The evening of our chat I arrived early, but Abraham, as I was invited to call him, was earlier. Elegant in a jacket of midnight-blue velvet, soft-spoken and humbled by the enormous gift of Oprah’s favor, he’d just come from dinner with the literary godmother herself. And she had schooled him for our staged conversation.

“I’ve done two advance events for this book,” Abraham told me. “Both times I read a passage and talked about the story. I watched the audience’s eyes glaze over.” Oprah had explained why. “The book was just published yesterday. No one has read it yet. They can’t follow what I’m talking about.”

Oprah, he said, had firmly instructed him, “People want to know about you, what inspired you to write the book, what your life is like, how medicine informs your writing. The more they know about you, the more eager they’ll be to read your book, but they won’t be ready to hear you talk about the story until they’ve read it.”

I balked, seeing all my preparation slide down the drain. Surely my opening questions would intrigue people? No. Abraham was emphatic. We mustn’t start with the story or discuss it in detail.

“How about themes?” I tried. “Generally speaking?”

He looked doubtful. “Maybe later in the chat?”

The thing was, he informed me, Oprah was planning to be in the audience. Incognito, but still. He had several events to do with her as part of the Book Club, and she wanted to make sure he was following her advice.

Nothing wasted

I realized I was going to have to flip my script, then truncate it, then improvise.

We climbed up on stage in front of a full house of well over 100, all devoted fans of Dr. Verghese who had the new book in their laps (it came with their tickets to the event). Some were reading it as they waited for us to begin. But Oprah was right: they weren’t there for a discussion about the story.

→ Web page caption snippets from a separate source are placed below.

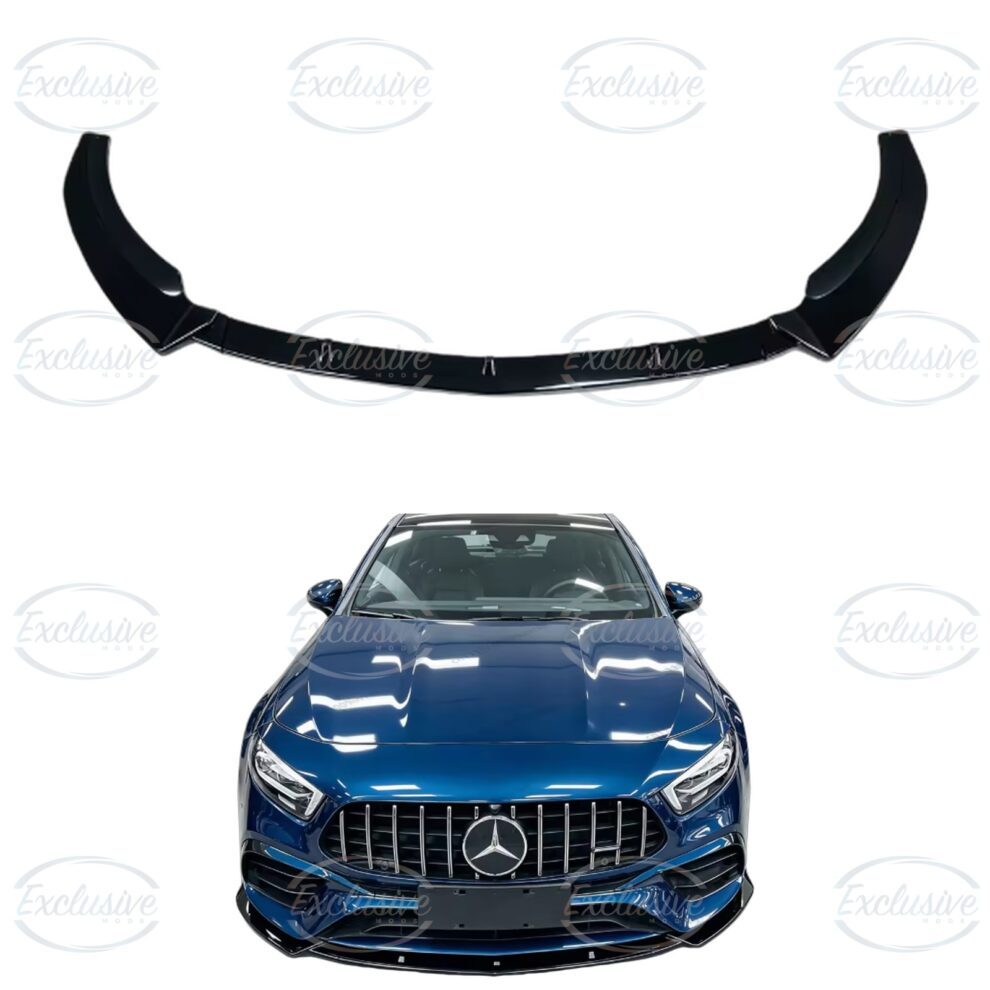 Gloss Black Front Splitter Lip - Fits Mercedes A Class W177 AMG Line (2018-2022)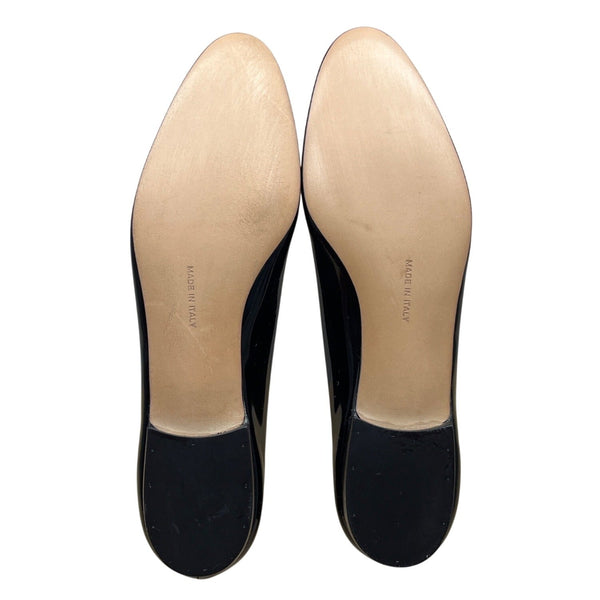 Salvatore Ferragamo Black Patent Leather Paragone Vara Bow Loafers Sz 5.5 B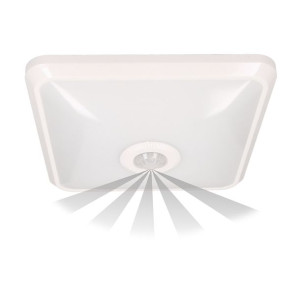 NYK LED 12W, plafon z czujnikiem ruchu, 850lm, IP20, 4000K, poliwęglan mlec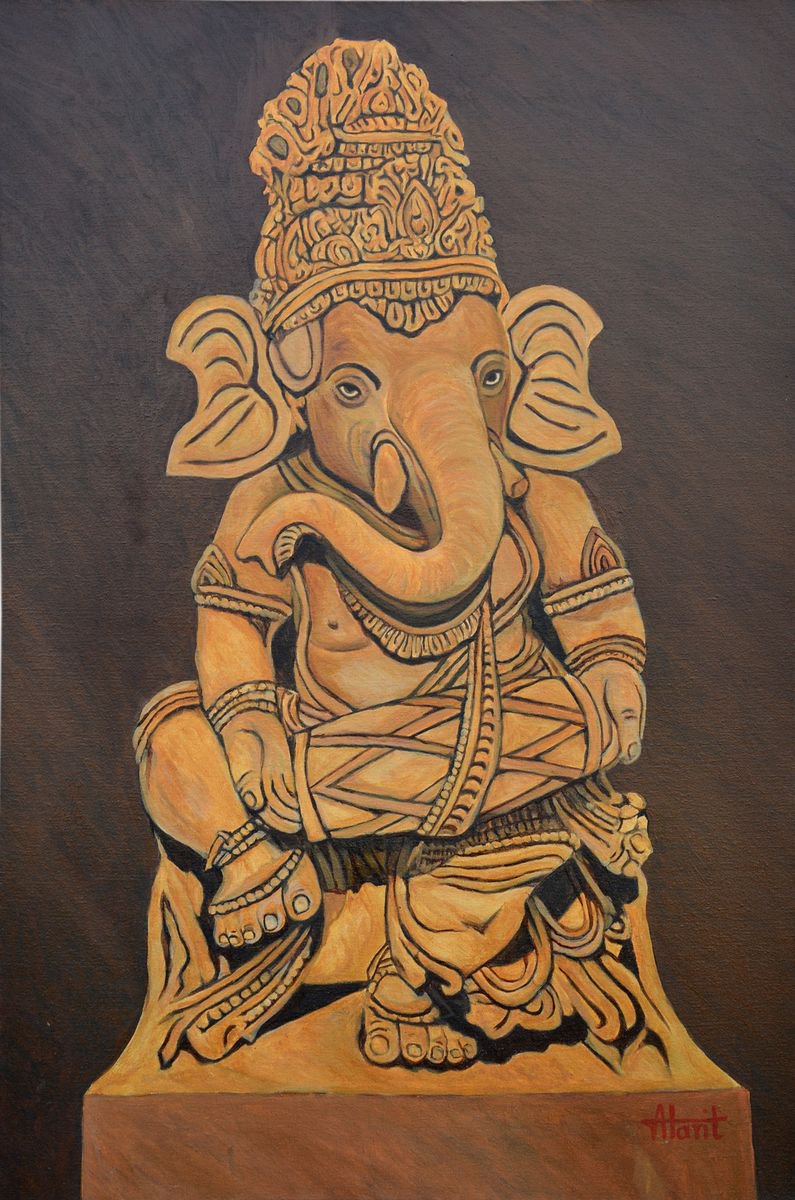 Expressive Portrait Oil Painting By Ajay Harit, 24 X 36, Ganesha With Drums, Original Artwork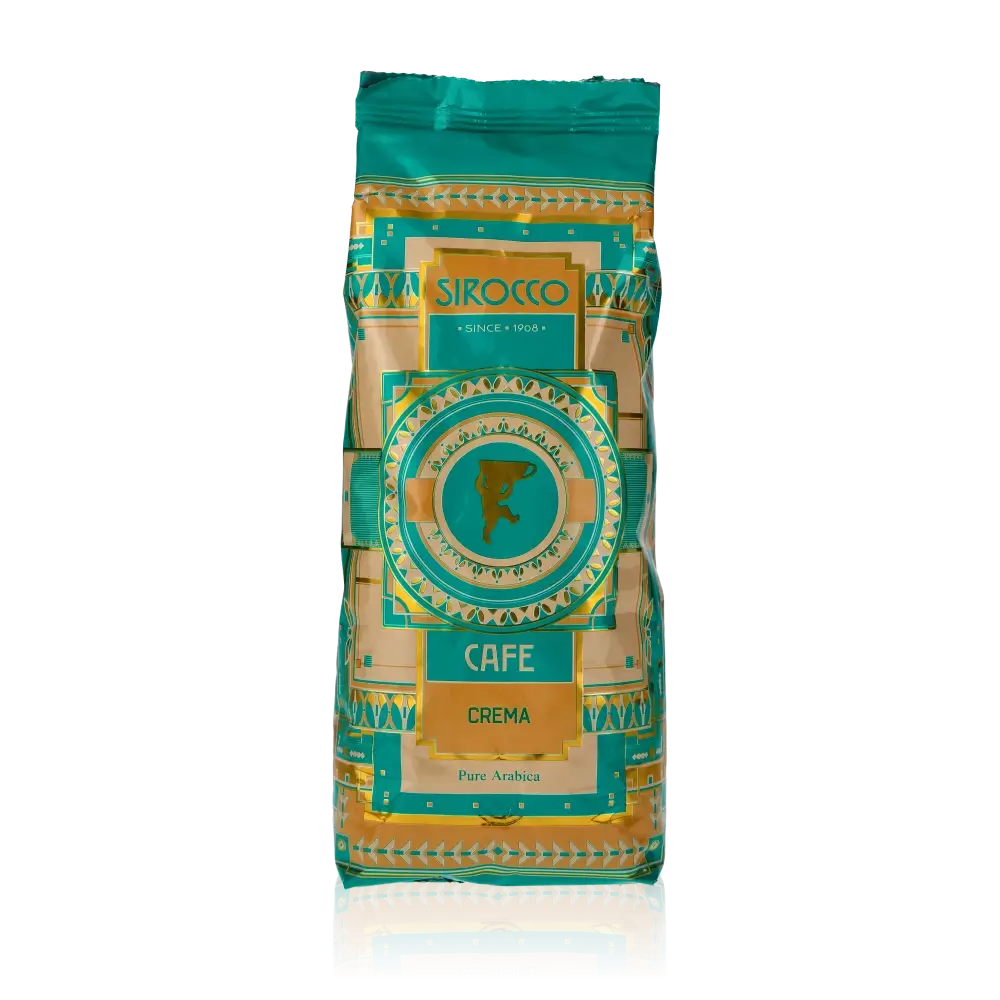 Sirocco Cafe Crema Bohnen 500g Kaffee Verpackung.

“Congratulations!” I launched us. “For most authors, having a book selected for Oprah’s Book Club is like winning the Nobel Prize. How did it feel to get the news?”

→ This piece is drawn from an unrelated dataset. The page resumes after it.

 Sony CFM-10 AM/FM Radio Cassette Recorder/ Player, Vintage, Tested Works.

Abraham’s genuine awe and delight at this honor was infectious. He acknowledged Oprah in the audience, though she was masked and I don’t think many spotted her. I was glad I couldn’t find her. I told myself she hadn’t come, and that made me less nervous.

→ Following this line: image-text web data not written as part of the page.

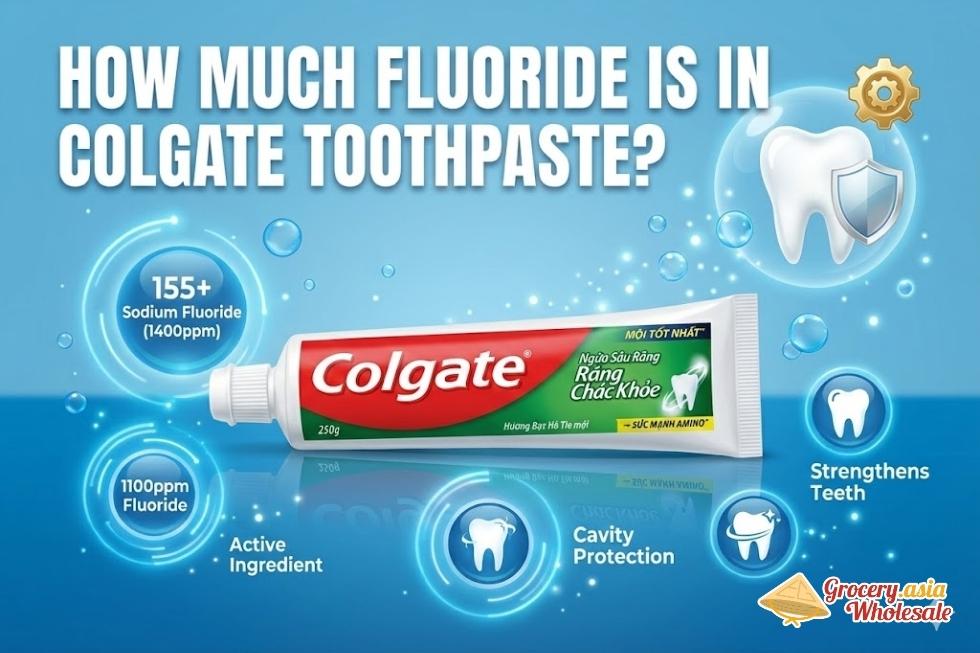 How much fluoride is in Colgate toothpaste label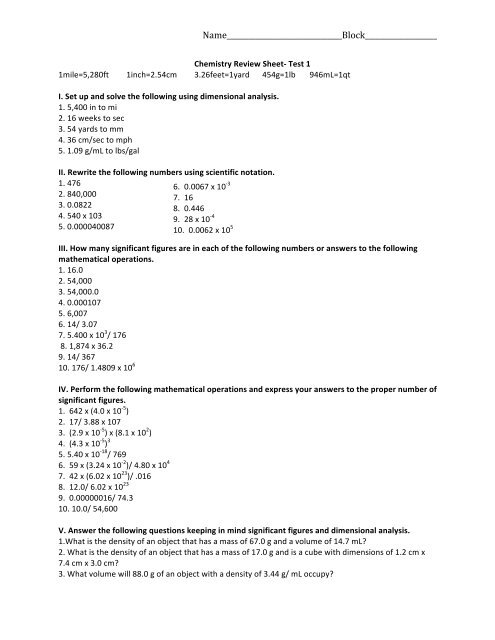 Chemistry Review Sheet Unit 1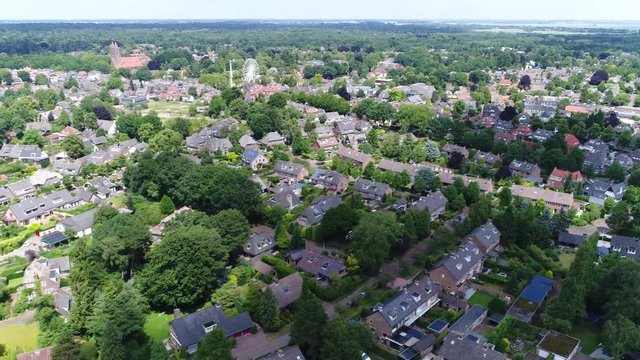Aerial flight footage of small town in Netherlands Laren is municipality and town in Netherlands in province of North Holland located in region called Gooi it is the oldest town in that area 4k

Following her guidance, though, I asked my last planned questions first, about Abraham juggling time and focus as both writer and doctor. His love of his twin crafts poured out, and the audience was enthralled. The two passions fed each other, he said. He spoke easily, fluently, about the need for empathy in both practices.

This was his show, not mine, and I shouldn’t have worried.

The conversation flowed to his mother’s life story, his grandmother’s experience of Kerala, both of which inspired Covenant. We talked about the friends and advisors who helped him with Glaswegian dialect. We discussed themes in the book that lined up with his medical practice and philosophy, his love of literature, his compassionate view of humanity.

One of my last questions had to do with Abraham’s use of a whiteboard to outline his plot. He lamented that he would meticulously diagram his narrative plan, including little drawings, but within weeks the plan would change. Then he’d photograph the board for reference and wipe it clean to start all over again.

“I’m afraid I waste a lot of time on those outlines,” he said.

But I disagreed. I have much the same process, I told him, only using a bulletin board.

“I think it’s the mental process of visualizing the plan while you’re physically organizing it that matters,” I said. “After mine is up I never look at it until I notice that it’s all changed. But it still served its purpose of getting the whole book in my head at once.”

Only after the evening was over did I realize that all my planning for this conversation had been like outlining it on a big board. Writing out my game plan had gelled the overall picture in my mind, so that I then felt secure enough to rearrange, discard, or revise the component parts.

In other words, only by preparing could I let go of my preparation!

Oprah slipped out of the room that night before I ever saw, let alone met, her. She’d never meant her interview tips for me. I’m still grateful for them, though, and for the chance to meet Abraham Verghese and his beautiful work.